DUSHANBE, June 23 (Reuters) - Former Soviet republic Tajikistan voted overwhelmingly in a weekend referendum to alter its constitution and hand its veteran president up to 14 more years in power, officials said on Monday.

The opposition called the outcome a "travesty of democracy" and the United States criticised the transparency of the referendum in a Central Asian state ruled since 1992 by President Imomali Rakhmonov.

The result surprised few in an impoverished nation where peasants, with little interest in the machinery of politics, make up three quarters of the electorate.

Electoral officials said more than 93 percent of voters backed constitutional change, with turnout soaring above 96 percent.

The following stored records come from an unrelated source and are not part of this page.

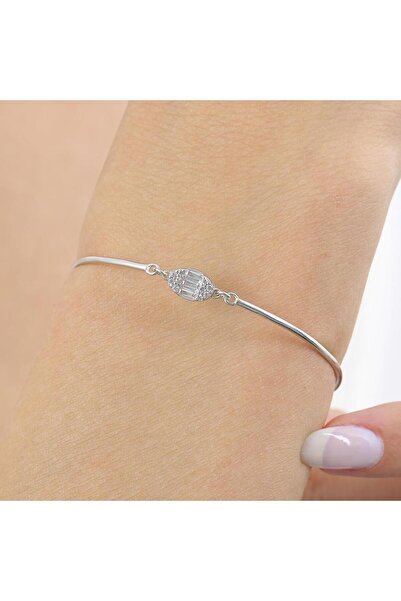 Mia Vento Pırlanta Montür Minimal Oval Baget Gümüş Bilezik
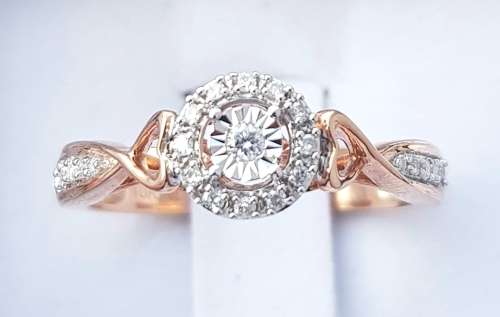 **HALO COLLECTION | R24639** DESIGNER | 0.250ct | DIAMOND RING | ROSE GOLD - BUY SAFE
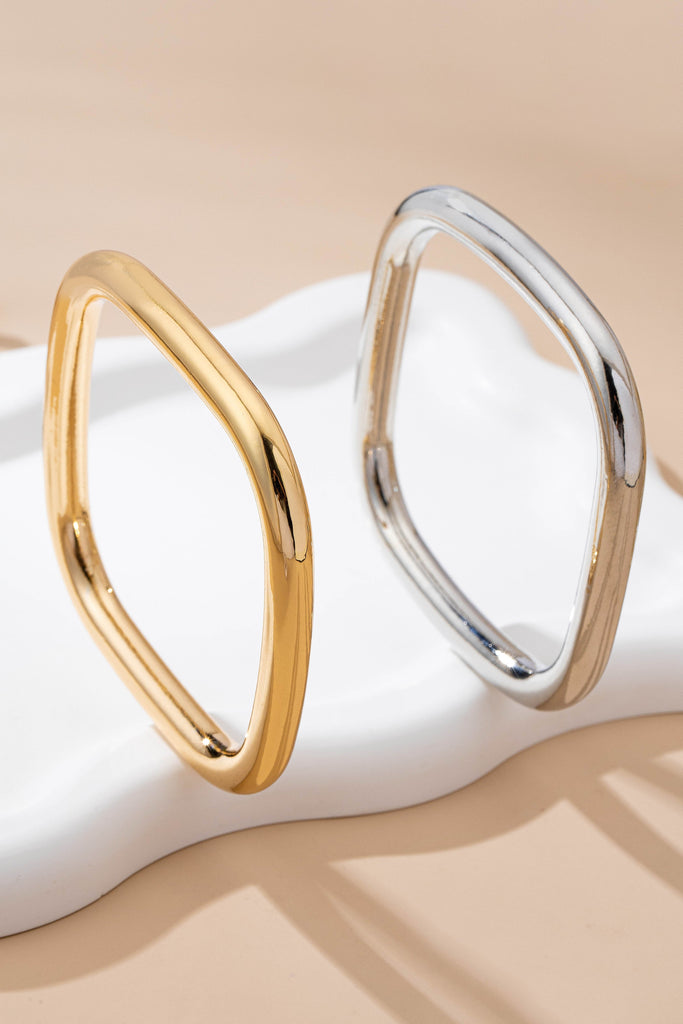 Two-Tone Chunky Tube Bangle Set | 80B1600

"Turnout was very high. We did not get a single complaint from the numerous foreign observers," said Mirzoali Boltuyev, chairman of the Central Electoral Commission.

Some 29 registered foreign observers were spread across 2,800 polling stations in the mountainous country on Afghanistan's northern border.

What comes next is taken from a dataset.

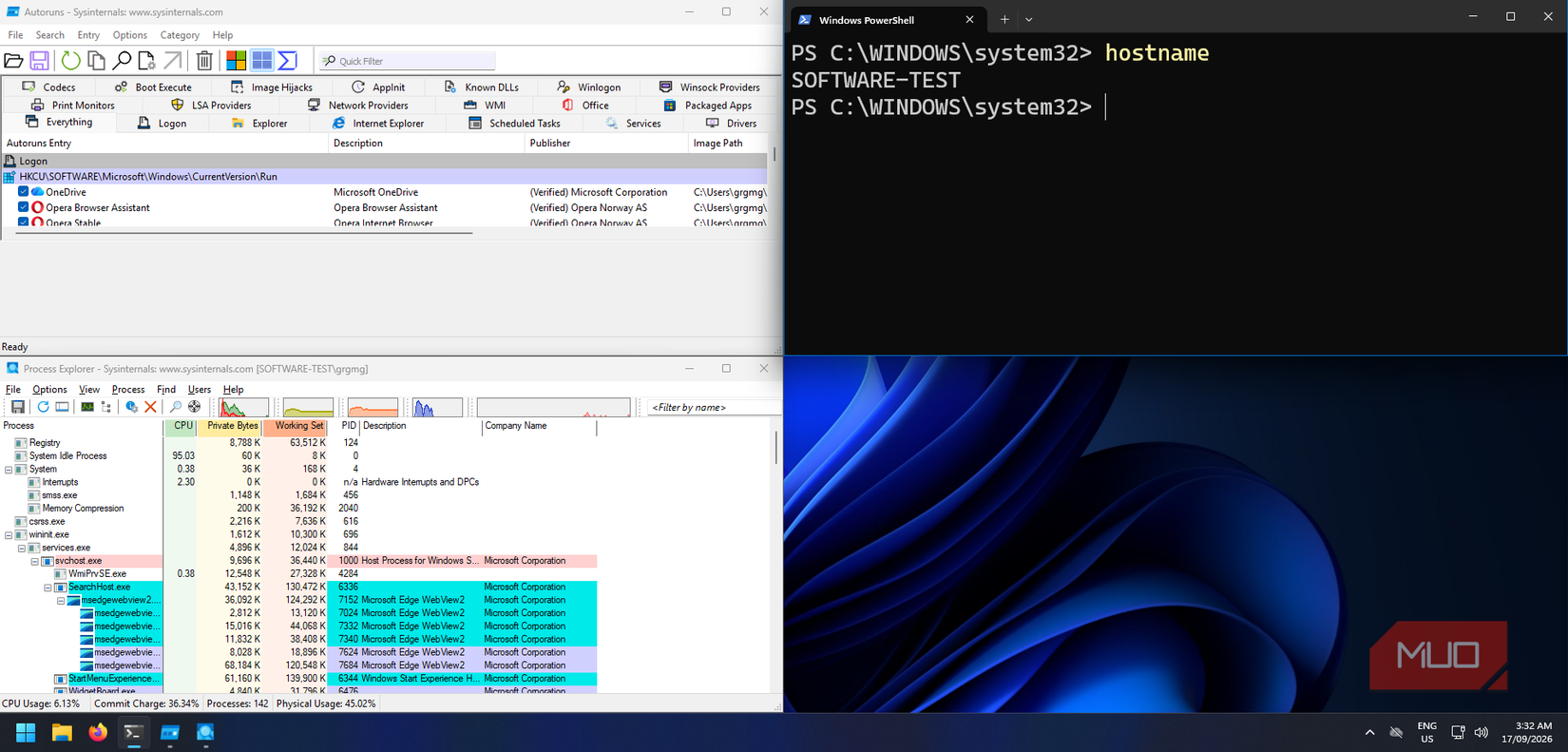 SOFTWARE-TEST Windows linked clone running Process Explorer and Autoruns independently of the golden image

Leaders of Tajikistan's small opposition said the electorate had not been sufficiently informed to judge the real consequences of Sunday's referendum.

"The vote results are just unbelievable," Khikmatullo Saifullozoda, spokesman for the Islamic Renaissance Party.

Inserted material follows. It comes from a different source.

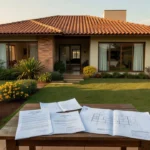 Casa brasileira moderna com documentos de habite-se e plantas sobre mesa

Islamic rebels fought Rakhmonov's Moscow-backed government in a five-year civil war ending in 1997, which ravaged the country.

"The reality is that the Tajik people don't understand all these elections and referendums, they will vote 'yes' only to preserve the peace," he said.

ANOTHER 14 YEARS IN POWER

Among 50 amendments submitted to voters as a single package was a proposal to allow the president to be elected for two consecutive seven-year terms, not counting his present mandate.

Rakhmonov should see his current mandate expire in 2006. But amendments passed in Sunday's vote will allow him to stay on as president until 2020.

"This is a sheer travesty of democracy," said Makhmadrouzi Iskandarov, chairman of the opposition Democratic Party.

Washington called on Monday for the Tajik government to hold free and fair elections at regular intervals.

"We have repeatedly stated ... that a constitutional referendum in that country should meet international standards for transparency. Unfortunately, this exercise that was held over the weekend did not meet those standards," State Department spokesman Philip Reeker said.

Rakhmonov, a 50-year-old former collective farm boss, weathered the civil war that killed tens of thousands and is lionised by official propaganda as the saviour of the nation.

Leaders of other Central Asian states -- Kazakhstan, Kyrgyzstan and Uzbekistan -- have all extended their presidencies through similar votes.

In Turkmenistan, Saparmurat Niyazov, the object of an all-pervasive personality cult has been made president-for-life by parliament, but has promised to step down in 2010.

"You can see a similar scenario across post-Soviet Central Asia -- undemocratic elections or plebiscites held under coercion and with a different official reason given every time," Iskandarov said.

The United Nations and the Organisation for Security and Cooperation in Europe, both actively involved in Tajikistan's peace process, declined to send observers to monitor the vote.